BOISE – Idaho Secretary of State Lawrence Denney announced Tuesday he’s reevaluating the state’s involvement in a longtime multistate voter registration database.
Denney says that his office has received hundreds of emails from citizens raising concerns about Idaho’s involvement in the Interstate Voter Registration Crosscheck Program.
“I don’t think anything has been compromised up to this point,” Denney said. “But we have questions about the security and we need to get answers to that before we make the decision to participate again or not.”
Crosscheck is designed to clean voter records and prevent voter fraud by comparing individual voter registrations and searching for duplicates. The program relies on state voluntarily handing over their voter lists. This year, 28 states participated. Four states have left Crosscheck: Florida, Washington, Oregon and Pennsylvania. Idaho has participated since 2013.
It’s up to the states to decide how they want to proceed with the Crosscheck data.
Some states, like Illinois, take years to verify whether someone should be removed from the state’s voter rolls. Meanwhile, in Idaho, the process can be less stringent.
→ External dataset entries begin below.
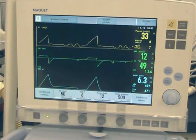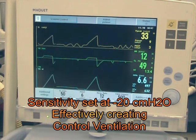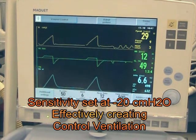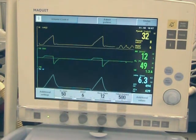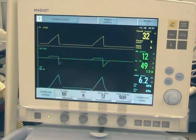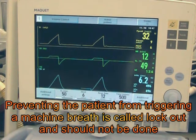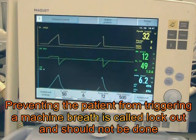This is because the ventilator is set at a negative 20, and the patient cannot generate a sufficient negative force to trigger a breath. If the patient did reach down to negative 20, then the ventilator would eventually trigger a breath for the patient.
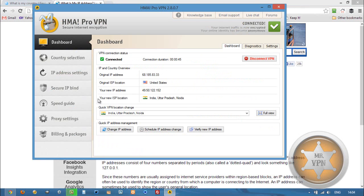So getting an Indian IP address is really that easy. If you want to sign up for HMA and use this VPN software for yourself, there's a link in the YouTube description.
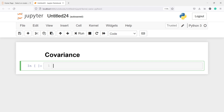In this video, I will show you how to calculate covariance in PySpark. Covariance is a measure of how much two variables vary together. It is similar to variance, but variance tells you how a single variable varies, while covariance tells you how two variables vary together.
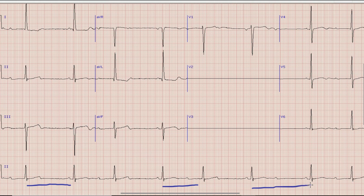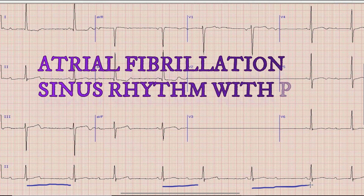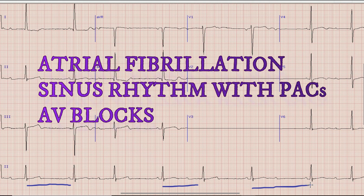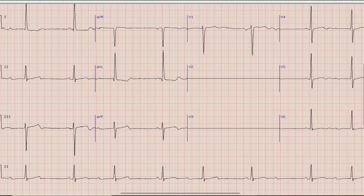There are multiple causes of irregular RR interval, or irregular rhythm. These include atrial fibrillation, which is not the case here as there are prominent P waves. Other causes include sinus rhythm with premature atrial contractions and certain heart blocks. To find the most accurate diagnosis we will stay focused on the rhythm strip.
Ada County election officials admitted they wrongly pursed more than 750 voters from the rolls based on Crosscheck matches in 2014.
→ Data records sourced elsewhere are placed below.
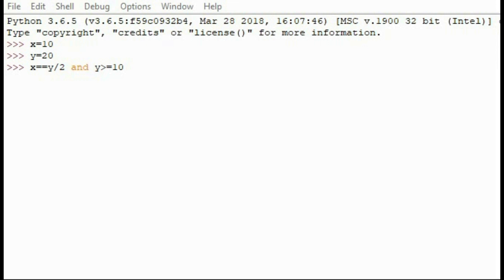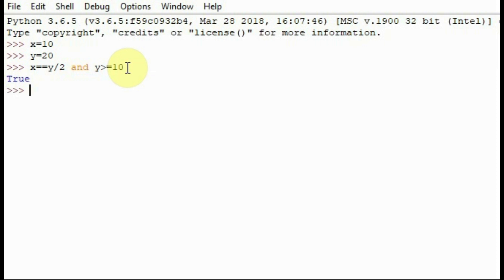Let's look at an example. x equals 10 and y equals 20. We have x is equal to y divided by 2, so x equals 20 divided by 2, which is 10 — so 10 equals 10, which is true. And y is greater than or equal to 10 — y is 20, so that's also true. When I run this program, it tells us this is true, because with 'and', both being true makes the overall result true.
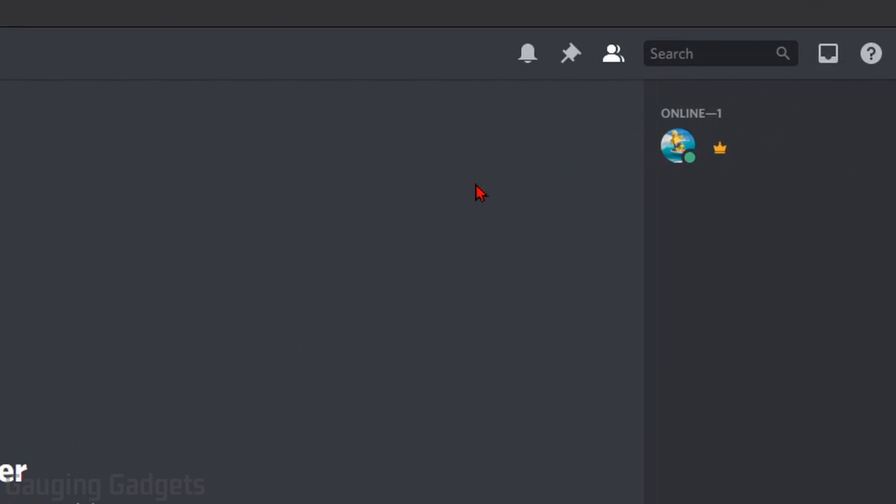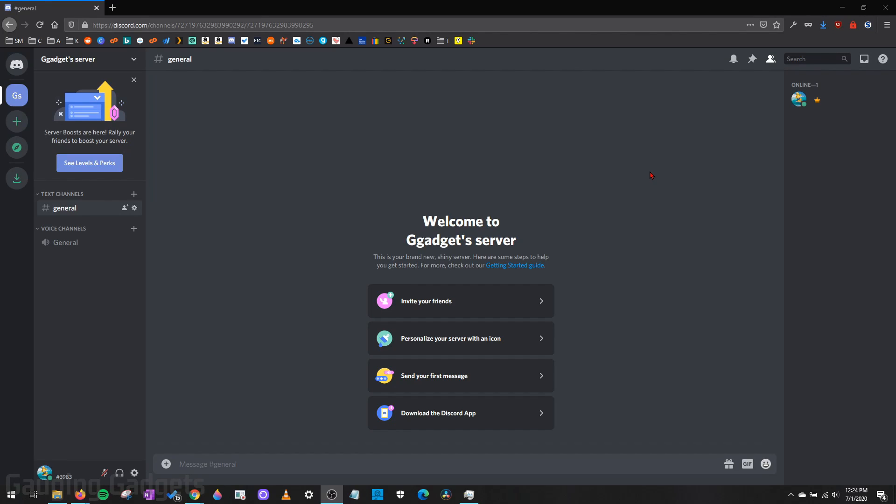So as you can see right now, I currently have an invisible username. If that's something you're interested in, check the description because I have a tutorial covering how to get an invisible username on Discord. But in this tutorial, what we're going to do is quickly change our profile image so that it is invisible. Alright, so let's go ahead and get started.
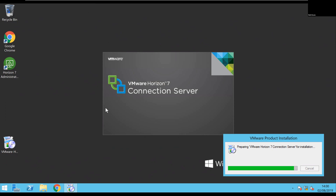In my environment it's pretty straightforward — I have a connection server, a remote desktop session host, and that Windows 10 VDI. So once I've updated the connection server, the next steps for me in this little test lab would be to update the Horizon agent in both the session host and the Windows 10 VDI image.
Furthermore, critics have increased scrutiny over Crosscheck’s usefulness after it was reported last month the program uses an unencrypted FTP server to store Idaho’s and other states’ private voter information. This data includes date of birth and the last four digits of Social Security Numbers.
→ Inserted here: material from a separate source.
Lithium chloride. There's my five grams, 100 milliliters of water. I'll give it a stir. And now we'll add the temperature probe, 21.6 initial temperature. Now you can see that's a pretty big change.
“I thought the process was very secure. I had no idea maybe it wasn’t,” Denney said. “I would just say that it appears it has been very sloppy.”
Past studies have shown voter fraud is exceedingly rare. Although voting in multiple places is illegal, being registered to vote in more than one state isn’t – which typically occurs when people move from one jurisdiction to another.
Denney says his office will review if the program over the next few months before deciding to continue participating in Crosscheck next year.
Separately, House Minority Leader Mat Erpelding and Senate Minority Leader Michelle Stennett said they would explore legislation to pull Idaho out of Crosscheck during the 2018 session. In the Republican-dominant Statehouse though, it can be difficult for Democrats to lead massive legislative changes.
“We are sending sensitive voter information to an unsecure server halfway across the country as part of a program that doesn’t work. Why we continue to participate in this system is beyond me,” Erpelding said in a prepared statement.